> _BRIEF_
A verbatim copy of the data is wanted, minus any picture in it.

> _DATA_
• • •
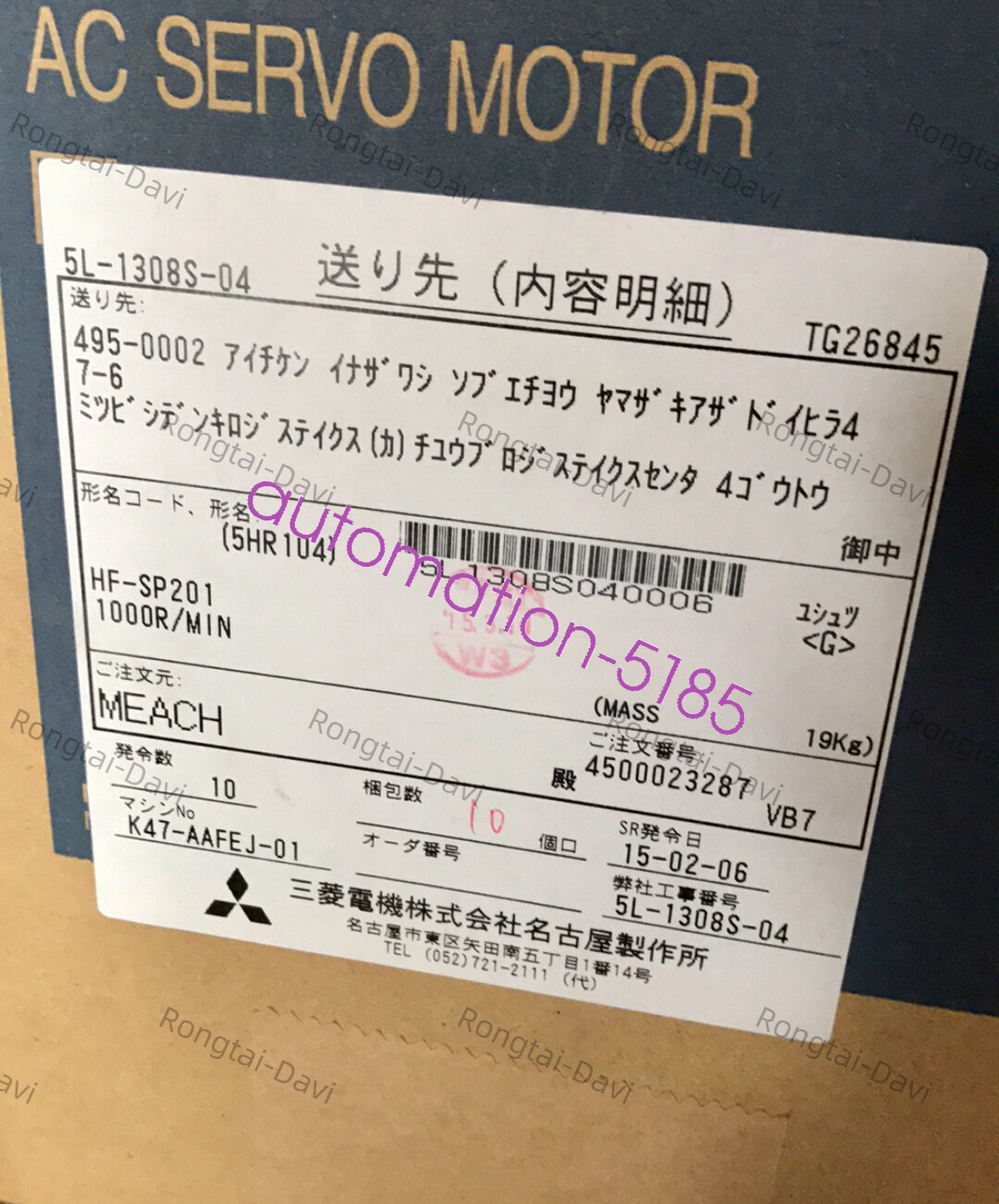 Foto 1 di 2
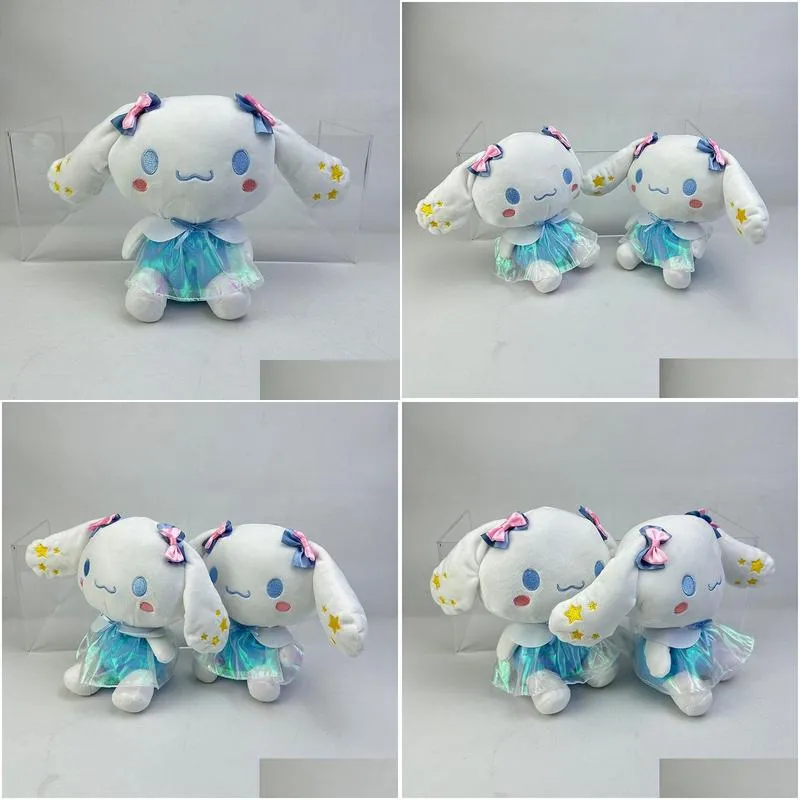 Wholesale Cute Tulle Skirt Pup Plush Toys Children`s Game Playmate Holiday Gift Doll Hine Prizes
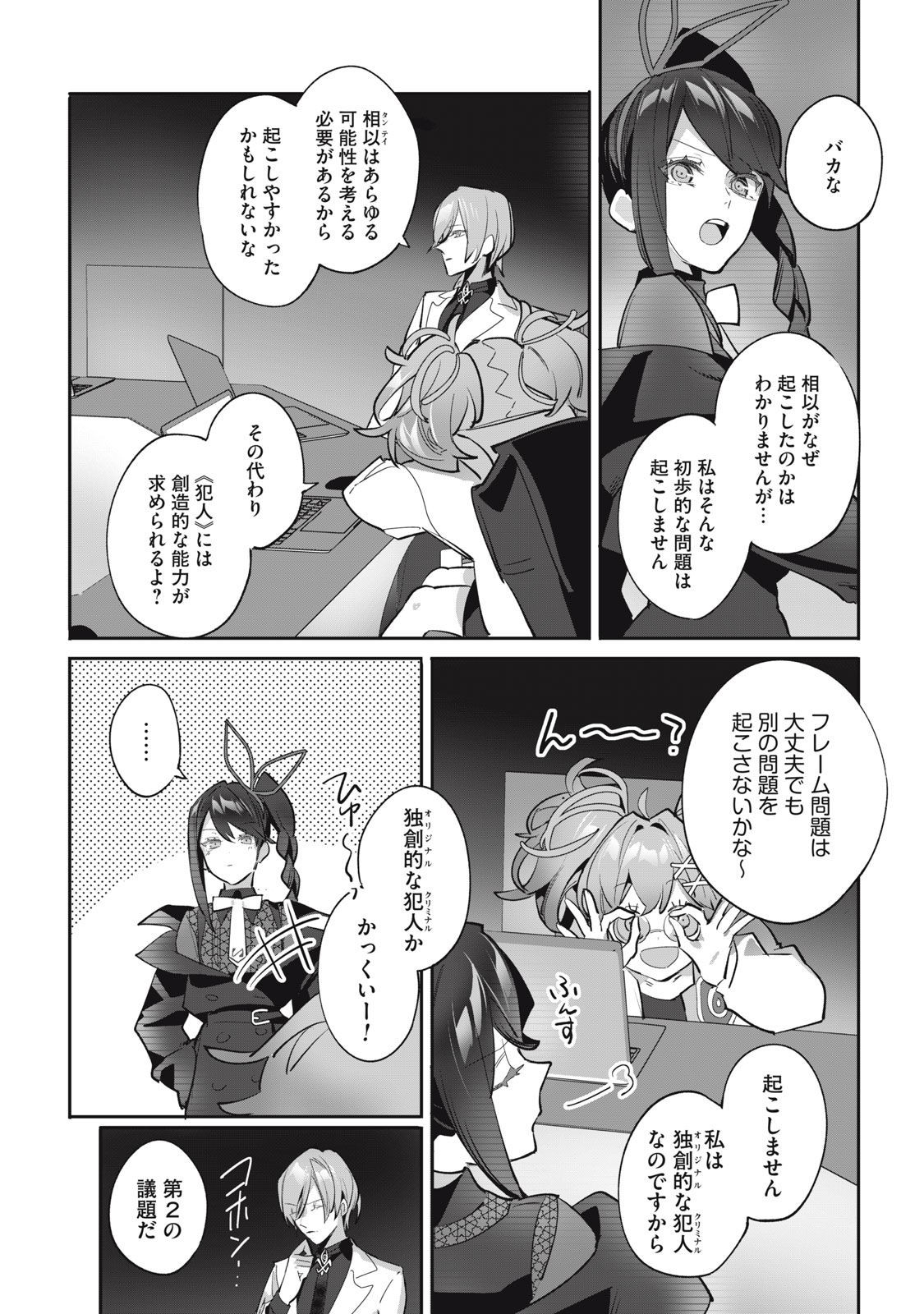 Tantei AI no Real Deep Learning - Chapter 5 - Page 12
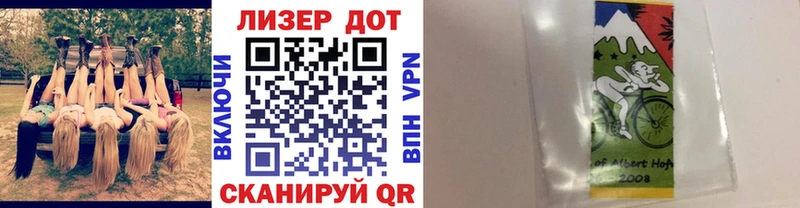 Наркотические марки 1500мкг  Зарайск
• • •
> _WRITTEN RESPONSE_
 Foto 1 di 2
 Wholesale Cute Tulle Skirt Pup Plush Toys Children`s Game Playmate Holiday Gift Doll Hine Prizes
 Tantei AI no Real Deep Learning - Chapter 5 - Page 12
 Наркотические марки 1500мкг  Зарайск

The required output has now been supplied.